Zwischen Mittagspause und Apokalypse

Tobias Heyl in FALTER 12/2023 vom 24.03.2023 (S. 19)

Offenbar misstraut Éric Vuillard der Geschichte und glaubt eher an die Literatur. Historiografie ist, und meint sie es noch so ehrlich, immer parteiisch; literarisch in Szene gesetzt, vermitteln Täter und Opfer, Schuld und Verhängnis zumindest eine Ahnung höherer historischer Wahrheit und moralischer Gerechtigkeit.

Vuillard nun hat in den letzten Jahren eine Reihe kurzer, konzertierter Romane geschrieben, die von Wendepunkten und Katastrophen der Weltgeschichte handeln: Der Bogen spannt sich von der Eroberung des Inkareichs durch Francisco Pizarro über die Französische Revolution und die Berliner Kongokonferenz bis zur quälend langen Niederlage Frankreichs und der USA in Vietnam. Davon handelt sein jüngster Roman, sarkastisch betitelt „Ein ehrenhafter Abgang“.

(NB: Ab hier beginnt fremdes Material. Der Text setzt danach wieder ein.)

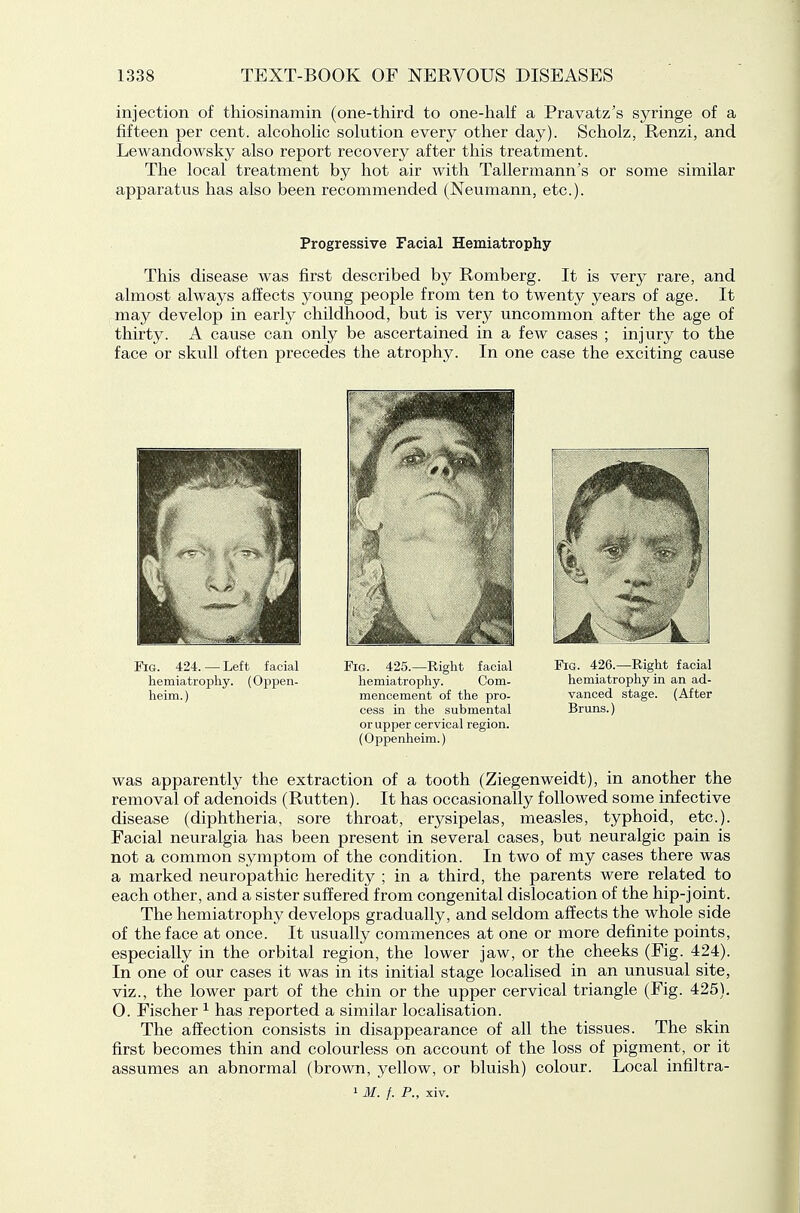 injection of thiosinamin (one-third to one-half a Pravatz's syringe of a fifteen per cent, alcoholic solution every other day). Scholz, Renzi, and Lewandowsky also report recovery after this treatment. The local treatment by hot air with Tallermann's or some similar apparatus has also been recommended (Neumann, etc.). Progressive Facial Hemiatrophy This disease was first described by Romberg. It is very rare, and almost always affects young people from ten to twenty years of age. It may develop in early childhood, but is very uncommon after the age of thirty. A cause can only be ascertained in a few cases ; injury to the face or skull often precedes the atrophy. In one case the exciting cause Fig. 424. — Left facial hemiatrophy. (Oppen- heim.) Fig. 425.—Right facial hemiatrophy. Com- mencement of the pro- cess in the submental or upper cervical region. (Oppenheim.) Fig. 426.—Right facial hemiatrophy in an ad- vanced stage. (After Bruns.) was apparently the extraction of a tooth (Ziegenweidt), in another the removal of adenoids (Rutten). It has occasionally followed some infective disease (diphtheria, sore throat, erysipelas, measles, typhoid, etc.). Facial neuralgia has been present in several cases, but neuralgic pain is not a common symptom of the condition. In two of my cases there was a marked neuropathic heredity ; in a third, the parents were related to each other, and a sister suffered from congenital dislocation of the hip-joint. The hemiatrophy develops gradually, and seldom affects the whole side of the face at once. It usually commences at one or more definite points, especially in the orbital region, the lower jaw, or the cheeks (Fig. 424). In one of our cases it was in its initial stage localised in an unusual site, viz., the lower part of the chin or the upper cervical triangle (Fig. 425). O. Fischer ^ has reported a similar localisation. The affection consists in disappearance of all the tissues. The skin first becomes thin and colourless on account of the loss of pigment, or it assumes an abnormal (brown, yellow, or bluish) colour. Local infiltra- 1M. f. P., xiv.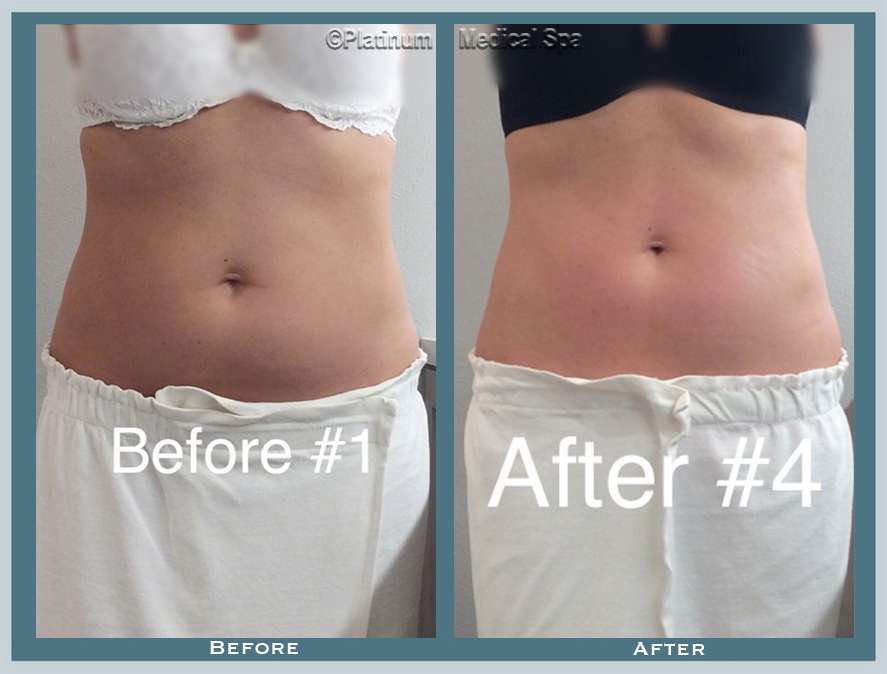 Fat Reduction Before & After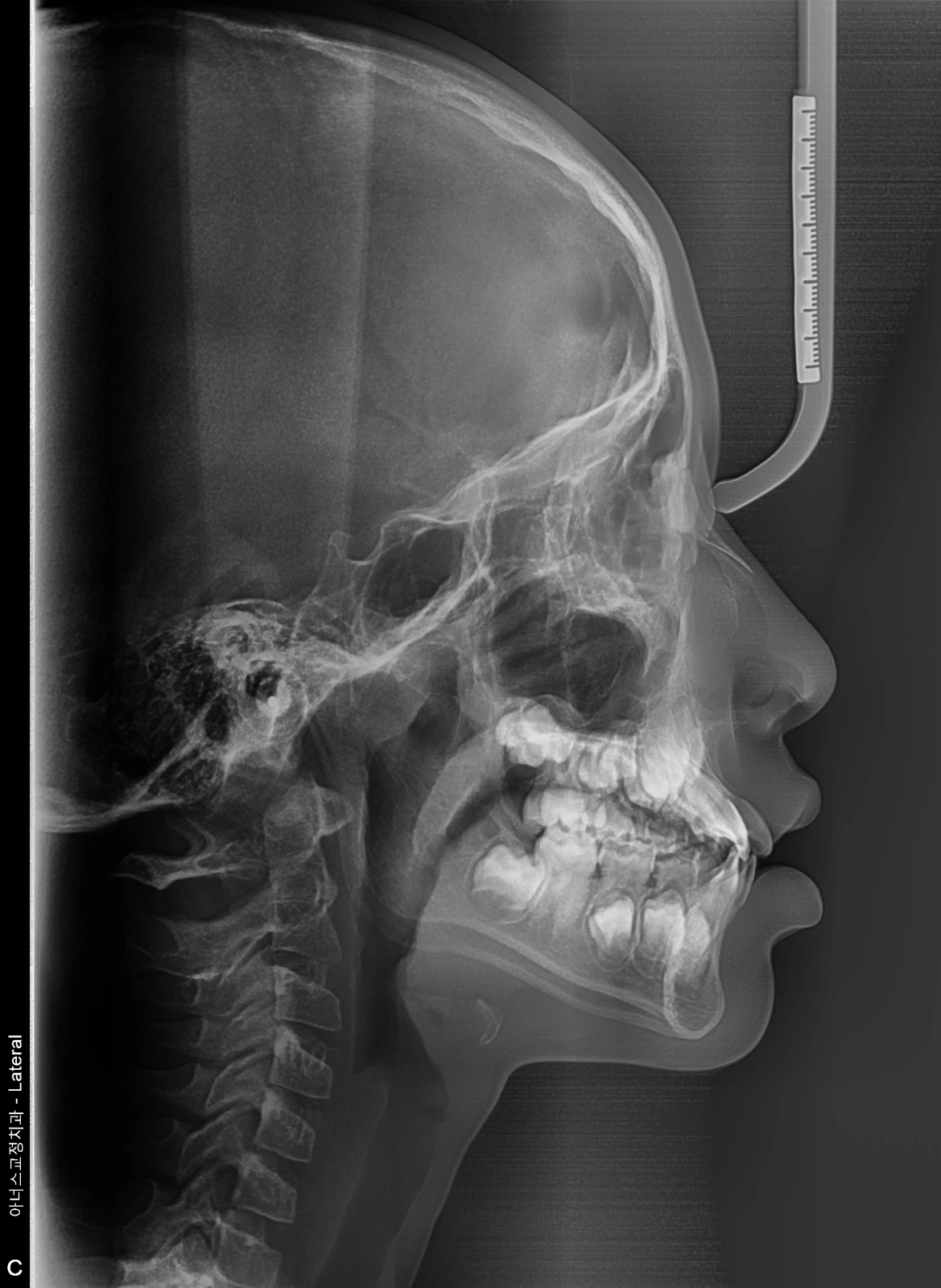 Lateral Ceph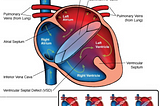 Flu Season and Heart Defects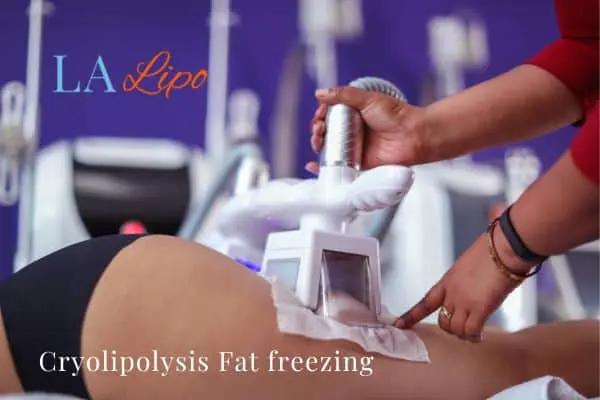 women getting fat freezing Scottish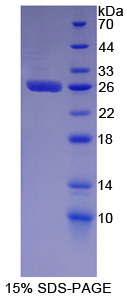 Recombinant Minichromosome Maintenance Deficient 2 (MCM2)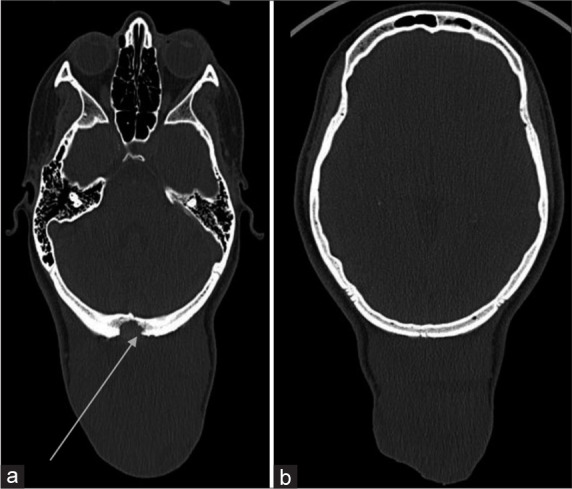 Figure 3: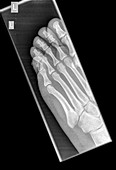 Intermediate phalanx x-ray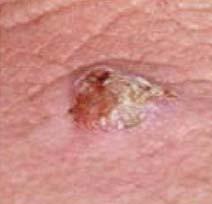 En Estados Unidos el cáncer de piel es el más común y cada día se presentan nuevos casos.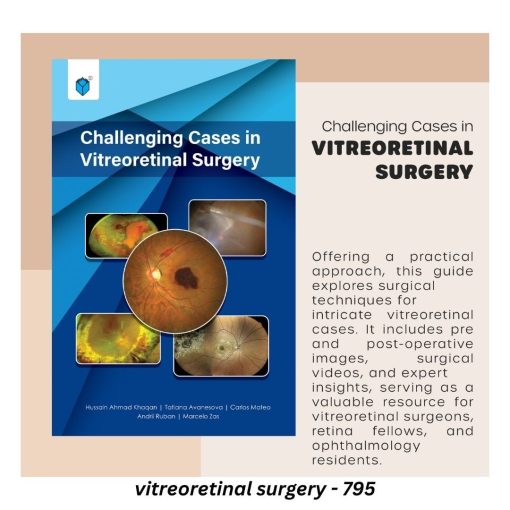 Challenging Cases in Vitreoretinal Surgery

In seiner Bauweise ähnelt der Roman seinen Vorläufern: Der Erzähler durchschaut die Machenschaften der Mächtigen und gibt sie der Lächerlichkeit preis, während seine ganze Empathie den Opfern der Geschichte gilt. Das passt nicht schlecht zu einem Autor des Jahrgangs 1968, der von sich erzählt, dass er noch ein Baby war, als ihm seine Eltern die Barrikaden der Demonstranten auf den Straßen von Lyon zeigten. Solchermaßen engagierte Literatur ist nicht neu. Man sollte ihr aufklärerisches Potenzial ganz bestimmt nicht überschätzen.

Bei Vuillard kommt allerdings noch mehr dazu als der Anspruch, den Opfern der Geschichte Gerechtigkeit widerfahren zu lassen: Er kann verdammt gut schreiben, und dass ihm hier und da sein geschichtspädagogischer Ehrgeiz in die Quere kommt, sieht man ihm bald nach.

Am 19.Oktober 1950, ein gutes Vierteljahrhundert vor der Niederlage der Amerikaner in Saigon, debattiert die Assemblée Nationale über die Lage in Vietnam, und zum ersten Mal werden Stimmen laut, die das koloniale Unrecht einräumen, Friedensverhandlungen mit der vietnamesischen Unabhängigkeitsbewegung ins Spiel bringen – und damit den Zorn der nationalen Rechten auf sich ziehen.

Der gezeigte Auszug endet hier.